Nice argument, I'll take that as you could not find evidence to back up any of the shit you're spewing here.
Again, enjoy your $600 paperweight that will be full of security holes and has tons of proprietary software to run the baseband which will still be tracking you even when the "killswitch" is enabled.
Xavier Hughes
Stallman doesn't use AMD GPUs because they have nonfree firmware. You're posting mental gymnastics bullshit to defend the nonfree software in the EC >baseband which will still be tracking you even when the "killswitch" is enabled it will be connected over USB and the power to it can simply be cut altogether
Wyatt Baker
You can physically remove that from Librem, and there's a killswitch. You should kill yourself.
Parker Gray
Proprietary hardware, vulnerable CPU. It has the same issues as Librem 5 just worse and significantly less portable and power efficient.
James Cooper
Holy shit you're dense. You know nothing of Stallman. If there was a problem with the EC of a ThinkPad he would NOT be using it, period. An AMD GPU is in no way the same thing as an EC firmware on a 10 year old ThinkPad. Trying to make that comparison shows how disconnected you are from reality and how you're simply grasping at straw. I'm not defending nonfree software because there is none on a librebooted ThinkPad. An EC firmware literally runs the fan and battery, that's it. Your imaginary librem phone, if it ever gets off the ground, will be compromised by the baseband as soon as you connect it to a tower.
Ryder Wilson
>still screeching "muh baseband" despite the killswitch >sreeching about how software isn't software Are you seriously a lelnovo shill? The EC can literally control every part in your laptop and it is completely invisible to the BIOS and the OS. It runs software too. Flashable just like the BIOS.
Joseph Clark
You obviously know nothing about libreboot. You can't flash the EC after librebooting a ThinkPad. It's not a security risk in any way. The EC is firmware, which is distinct from software. Please educate yourself if you can't see the difference between these two basic concepts. I would much rather have an EC in a ThinkPad than a baseband (with muh killswitch) in a "phone."
Dominic Taylor
>You can't flash the EC after librebooting a ThinkPad.

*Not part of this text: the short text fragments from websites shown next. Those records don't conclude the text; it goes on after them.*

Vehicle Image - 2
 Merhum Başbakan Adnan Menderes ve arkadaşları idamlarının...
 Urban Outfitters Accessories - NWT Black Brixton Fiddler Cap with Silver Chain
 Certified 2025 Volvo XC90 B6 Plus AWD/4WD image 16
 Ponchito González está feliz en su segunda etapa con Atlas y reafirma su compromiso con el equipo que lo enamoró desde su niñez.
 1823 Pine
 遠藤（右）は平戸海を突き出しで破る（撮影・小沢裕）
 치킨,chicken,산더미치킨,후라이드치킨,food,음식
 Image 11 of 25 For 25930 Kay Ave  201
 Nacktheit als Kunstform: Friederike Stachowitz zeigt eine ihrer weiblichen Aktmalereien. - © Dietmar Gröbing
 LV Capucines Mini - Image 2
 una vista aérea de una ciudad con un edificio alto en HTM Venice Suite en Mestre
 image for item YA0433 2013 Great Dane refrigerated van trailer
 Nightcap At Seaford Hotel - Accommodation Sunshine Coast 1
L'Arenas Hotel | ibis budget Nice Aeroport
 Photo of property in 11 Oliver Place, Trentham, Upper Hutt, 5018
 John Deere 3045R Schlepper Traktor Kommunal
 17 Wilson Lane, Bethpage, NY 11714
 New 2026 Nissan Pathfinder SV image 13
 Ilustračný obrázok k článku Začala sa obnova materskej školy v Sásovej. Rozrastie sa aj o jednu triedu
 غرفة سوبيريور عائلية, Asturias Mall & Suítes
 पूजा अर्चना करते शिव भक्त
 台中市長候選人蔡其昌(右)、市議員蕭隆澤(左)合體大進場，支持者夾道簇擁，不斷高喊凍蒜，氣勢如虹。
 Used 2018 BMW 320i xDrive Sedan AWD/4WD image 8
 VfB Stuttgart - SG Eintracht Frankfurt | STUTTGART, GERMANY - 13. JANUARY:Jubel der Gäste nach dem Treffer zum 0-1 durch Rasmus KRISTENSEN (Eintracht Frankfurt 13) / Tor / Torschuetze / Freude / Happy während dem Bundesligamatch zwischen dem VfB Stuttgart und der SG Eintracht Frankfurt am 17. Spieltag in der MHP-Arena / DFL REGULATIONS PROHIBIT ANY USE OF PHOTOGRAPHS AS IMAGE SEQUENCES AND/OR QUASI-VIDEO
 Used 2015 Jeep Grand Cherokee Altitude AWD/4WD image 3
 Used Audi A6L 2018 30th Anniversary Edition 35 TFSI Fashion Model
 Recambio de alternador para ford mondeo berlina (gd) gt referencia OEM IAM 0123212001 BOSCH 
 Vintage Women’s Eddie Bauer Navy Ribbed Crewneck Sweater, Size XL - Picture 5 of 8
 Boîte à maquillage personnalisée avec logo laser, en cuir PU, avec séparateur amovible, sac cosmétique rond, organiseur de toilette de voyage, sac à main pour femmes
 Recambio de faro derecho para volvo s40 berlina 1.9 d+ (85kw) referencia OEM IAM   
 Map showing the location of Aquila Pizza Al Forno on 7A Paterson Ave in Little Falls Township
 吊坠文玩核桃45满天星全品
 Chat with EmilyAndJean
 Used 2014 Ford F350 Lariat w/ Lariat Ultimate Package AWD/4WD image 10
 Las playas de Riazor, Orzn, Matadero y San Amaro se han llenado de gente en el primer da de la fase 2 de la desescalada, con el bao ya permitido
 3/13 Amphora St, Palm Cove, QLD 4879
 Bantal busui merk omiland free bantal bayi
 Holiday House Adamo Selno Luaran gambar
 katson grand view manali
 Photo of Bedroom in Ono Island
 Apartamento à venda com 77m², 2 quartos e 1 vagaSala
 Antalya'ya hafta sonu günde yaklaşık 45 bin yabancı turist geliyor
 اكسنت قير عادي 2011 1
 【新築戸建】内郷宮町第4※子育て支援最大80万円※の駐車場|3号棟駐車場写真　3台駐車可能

Just because you can't use the vendor flashing utility doesn't mean you can't flash an EC. Use flashrom >The EC is firmware, which is distinct from software. it literally runs a special chipset and a whole embedded OS dedicated for handling power management, charging, WiFi, keyboards, etc.
Jacob Diaz
>it literally runs a special chipset and a whole embedded OS dedicated for handling power management, charging, WiFi, keyboards, etc. On an old thinkpad it's literally a few kb of firmware. Stop making it out to be bigger than it is. You've failed to demonstrate how an EC could be a security risk.
Luis Campbell
So you're defending proprietary software "because it's only a few kb"? lol
Thomas Rivera
Looks sexy, how much does it cost?
Kevin Perez
A small piece of firmware, not software, that regulates the fan and battery is not a threat to freedom. A baseband processor most certainly is. Enjoy being cucked by your $600 brick.
Jaxson Thomas
Going back to screeching about the baseband because you ran out of arguments, huh? Disable it and desolder it if you are so paranoid. But obviously you aren't because you use a proprietary EC running unknown software.
Jeremiah Morris
>m-muh killswitch Being this cucked by a proprietary device. And again, you failed to demonstrate how an EC could risk security or freedom. Are you going to audit the firmware in your microwave?